Centrica will buy 1.75 million metric tons a year of liquefied natural gas from Cheniere Energy Inc.’s Sabine Pass plant in Louisiana, the Windsor, England-based company said today. That’s equivalent to the demand of 1.8 million U.K. homes. The deal can be extended for another 10 years, it said. Prices will be linked to Henry Hub, the U.S. gas benchmark, and deliveries will start in September 2018.
The deal shows the U.S.’s emergence as a natural gas exporter after fracking technology created a glut of fuel, sending prices to decade lows. In contrast, U.K. gas prices spiked to a seven-year high last week after a fault on a Belgian pipeline, raising concern that Britain is vulnerable to supply shortages as indigenous production slumps.

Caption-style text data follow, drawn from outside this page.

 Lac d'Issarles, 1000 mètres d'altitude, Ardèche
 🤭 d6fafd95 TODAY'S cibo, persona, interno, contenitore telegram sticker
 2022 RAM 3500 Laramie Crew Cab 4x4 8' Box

“It’s a nice contract to have if the fundamentals that exist today are there in five years’ time,” Iain Turner, a utilities analyst at Exane BNP Paribas in London, said by phone. “It’s a sensible sort of move.”

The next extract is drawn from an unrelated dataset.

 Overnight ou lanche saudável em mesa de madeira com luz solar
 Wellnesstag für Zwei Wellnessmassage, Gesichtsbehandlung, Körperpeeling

The contract sales price will be $3 per million British thermal units plus 115 percent of the settlement price traded on the New York Mercantile Exchange’s Henry Hub for the month in which the cargo is scheduled, Cheniere said today in a filing. Henry Hub in Erath, Louisiana, is the delivery point for Nymex futures, a benchmark price for the fuel.

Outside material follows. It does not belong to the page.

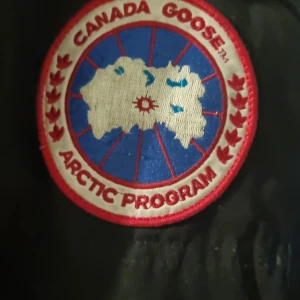 Canada coose jacka storlek l -  Använd 2 gånger går o sänka pris vid snabba äffar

Natural gas in the U.S. traded at $3.94 at 4:57 p.m. London time, meaning Centrica would pay $7.53 per million Btu under the contract terms. In the U.K., the front-month contract was at 73.90 pence per therm, or $11.21 per million Btu.
The cost of shipping LNG to Europe from the U.S. is estimated at $1.85 per million Btu, according to a presentation by Jean Abiteboul, Cheniere’s president of supply and marketing, in Amsterdam on March 11.
In February 2011, Centrica signed a three-year LNG contract with Qatar Liquefied Gas Co. for 2.4 million tons of the fuel annually. QatarGas, as the company is known, is the world’s biggest LNG producer.
Centrica gained 1.3 percent to 362.10 pence by the London close, valuing the company at 18.8 billion pounds ($29 billion).
“I warmly welcome this commercial agreement between Centrica and Cheniere,” U.K. Prime Minster David Cameron said in the statement. “Future gas supplies from the U.S. will help diversify our energy mix and provide British consumers with a new long-term, secure and affordable source of fuel.”
Sabine Pass is the only project so far to obtain full U.S. approval for an LNG export terminal outside of Alaska. Cheniere has said the proposed gas export facility may start up in 2015, with as many as six units operating there in the future.
The gas for Centrica would come from the fifth unit, or train, on which preliminary engineering work has already begun, the U.K. company said, adding it will buy the LNG on a “free-on-board” basis, meaning it can choose where to send the fuel.
Existing Cheniere customers include BG Group Plc, Korea Gas Corp., Gail India Ltd. and Spain’s Gas Natural SDG SA.